- Born: 1883
- Died: 1970 (aged 86–87)
- Education: Cambridge University
- Known for: Painting, caricatures

= Victoria Monkhouse =

British artist (1883-1970)

Victoria Monkhouse (1883–1970) was a British artist and illustrator, notable for her depictions of women working on the British Home Front during the First World War.

==Biography==
Monkhouse attended Cambridge University and, alongside her studies, she created a series of caricatures of university academics which the Cambridge University Magazine published during 1907.

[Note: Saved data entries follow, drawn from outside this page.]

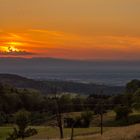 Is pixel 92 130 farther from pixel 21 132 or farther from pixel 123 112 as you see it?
pixel 123 112

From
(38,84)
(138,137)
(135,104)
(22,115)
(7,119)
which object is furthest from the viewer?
(38,84)

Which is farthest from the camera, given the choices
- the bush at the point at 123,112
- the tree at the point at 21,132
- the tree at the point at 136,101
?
Result: the tree at the point at 136,101

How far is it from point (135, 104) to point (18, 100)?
2069 inches

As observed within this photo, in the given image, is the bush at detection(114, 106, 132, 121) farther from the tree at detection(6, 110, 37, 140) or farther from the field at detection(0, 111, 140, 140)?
the tree at detection(6, 110, 37, 140)

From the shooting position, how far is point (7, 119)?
3898 inches

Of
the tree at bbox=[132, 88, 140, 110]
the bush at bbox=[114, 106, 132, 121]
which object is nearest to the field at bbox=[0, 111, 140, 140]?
the bush at bbox=[114, 106, 132, 121]

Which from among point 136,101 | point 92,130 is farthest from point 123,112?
point 92,130

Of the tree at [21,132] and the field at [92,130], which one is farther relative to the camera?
the tree at [21,132]

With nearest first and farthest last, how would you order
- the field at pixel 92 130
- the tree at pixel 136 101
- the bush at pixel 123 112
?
1. the field at pixel 92 130
2. the bush at pixel 123 112
3. the tree at pixel 136 101

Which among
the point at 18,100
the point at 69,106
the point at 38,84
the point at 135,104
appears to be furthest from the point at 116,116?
the point at 38,84

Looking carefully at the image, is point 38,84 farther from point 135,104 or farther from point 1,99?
point 135,104

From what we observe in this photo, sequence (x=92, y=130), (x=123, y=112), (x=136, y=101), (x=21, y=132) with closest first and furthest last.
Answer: (x=21, y=132) → (x=92, y=130) → (x=123, y=112) → (x=136, y=101)

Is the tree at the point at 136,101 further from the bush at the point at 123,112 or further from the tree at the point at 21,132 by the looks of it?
the tree at the point at 21,132

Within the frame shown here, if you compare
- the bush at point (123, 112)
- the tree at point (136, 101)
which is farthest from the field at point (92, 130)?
the tree at point (136, 101) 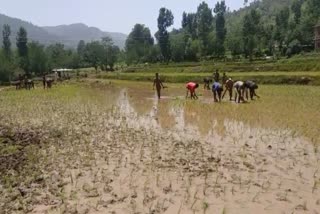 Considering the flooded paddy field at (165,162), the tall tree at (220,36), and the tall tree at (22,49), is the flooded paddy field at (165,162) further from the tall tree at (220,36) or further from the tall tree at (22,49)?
the tall tree at (22,49)

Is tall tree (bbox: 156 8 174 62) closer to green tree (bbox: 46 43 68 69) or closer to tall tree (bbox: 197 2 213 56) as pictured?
tall tree (bbox: 197 2 213 56)

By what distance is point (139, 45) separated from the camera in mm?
102938

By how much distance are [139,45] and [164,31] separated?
386 inches

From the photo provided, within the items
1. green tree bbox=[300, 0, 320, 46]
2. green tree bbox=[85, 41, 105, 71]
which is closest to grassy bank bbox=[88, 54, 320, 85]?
green tree bbox=[300, 0, 320, 46]

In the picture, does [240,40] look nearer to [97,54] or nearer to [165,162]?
[97,54]

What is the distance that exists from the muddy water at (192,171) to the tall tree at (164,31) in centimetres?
7359

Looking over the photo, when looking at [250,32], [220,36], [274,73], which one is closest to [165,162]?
[274,73]

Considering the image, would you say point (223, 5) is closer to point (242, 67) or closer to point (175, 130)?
point (242, 67)

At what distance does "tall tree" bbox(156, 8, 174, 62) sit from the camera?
88.8 m

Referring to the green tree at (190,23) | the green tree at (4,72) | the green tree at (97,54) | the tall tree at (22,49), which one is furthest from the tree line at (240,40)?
the green tree at (4,72)

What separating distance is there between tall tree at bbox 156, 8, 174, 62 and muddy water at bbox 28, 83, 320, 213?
241 feet

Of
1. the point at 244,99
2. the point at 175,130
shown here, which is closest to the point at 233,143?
the point at 175,130

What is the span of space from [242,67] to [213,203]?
4273 cm

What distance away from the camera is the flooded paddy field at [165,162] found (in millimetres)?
7785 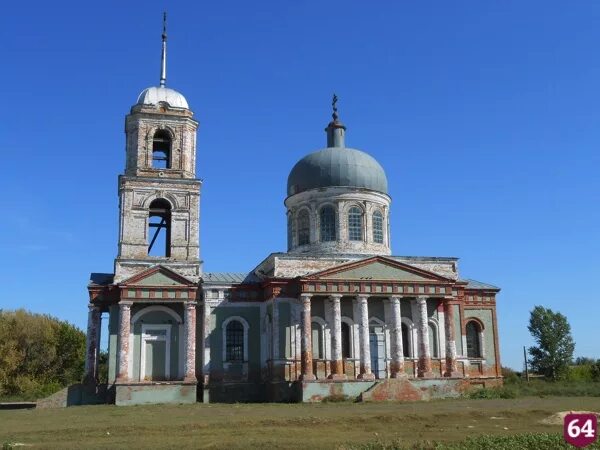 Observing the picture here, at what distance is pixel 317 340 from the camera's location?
32.9m

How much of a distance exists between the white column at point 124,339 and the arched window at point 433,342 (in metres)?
14.8

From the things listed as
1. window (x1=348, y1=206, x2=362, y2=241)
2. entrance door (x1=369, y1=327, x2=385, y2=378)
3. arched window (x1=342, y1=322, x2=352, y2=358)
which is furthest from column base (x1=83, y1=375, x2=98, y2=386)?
window (x1=348, y1=206, x2=362, y2=241)

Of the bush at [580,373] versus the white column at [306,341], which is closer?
the white column at [306,341]

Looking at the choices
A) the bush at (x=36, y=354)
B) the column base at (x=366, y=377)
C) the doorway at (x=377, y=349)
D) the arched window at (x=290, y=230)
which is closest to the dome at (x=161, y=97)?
the arched window at (x=290, y=230)

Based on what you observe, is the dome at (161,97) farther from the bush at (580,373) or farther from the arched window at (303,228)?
the bush at (580,373)

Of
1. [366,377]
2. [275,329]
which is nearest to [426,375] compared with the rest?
[366,377]

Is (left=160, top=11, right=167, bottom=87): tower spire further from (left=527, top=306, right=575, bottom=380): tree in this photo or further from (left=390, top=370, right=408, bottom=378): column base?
(left=527, top=306, right=575, bottom=380): tree

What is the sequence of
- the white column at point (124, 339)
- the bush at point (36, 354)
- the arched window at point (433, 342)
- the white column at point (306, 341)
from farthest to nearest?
the bush at point (36, 354) < the arched window at point (433, 342) < the white column at point (124, 339) < the white column at point (306, 341)

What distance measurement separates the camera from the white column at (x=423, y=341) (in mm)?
32531

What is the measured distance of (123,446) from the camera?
14.4 m

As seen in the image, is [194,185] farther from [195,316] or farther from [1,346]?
[1,346]

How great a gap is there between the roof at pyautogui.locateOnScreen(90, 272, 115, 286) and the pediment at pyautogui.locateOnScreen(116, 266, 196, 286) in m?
2.01

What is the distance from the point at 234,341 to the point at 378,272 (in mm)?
7799

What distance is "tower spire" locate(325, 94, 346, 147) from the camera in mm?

Following the establishment of the Imperial War Museum, IWM, during the First World War, a decision was made to record the contribution women were making to the war effort. Agnes Conway, the daughter of the honorary director-general of the IWM, was appointed to chair the Museum's new Women's Work Sub-Committee. Conway appears to have known of Monkhouse's academic caricatures from her own time at Cambridge University. Through a mutual acquaintance, Conway contacted Monkhouse and commissioned her, in May 1918, to produce a series of sketches and watercolours showing women working in jobs left vacant by men who were serving in the forces. Monkhouse produced a series showing women working as bus conductors, drivers, window cleaners and in other previously exclusively male roles.

After the War, Monkhouse exhibited in some group shows in the early 1920s but does not appear to have pursued a professional artistic career beyond that. The IWM regularly features Monkhouse's work in their exhibitions to favourable reviews.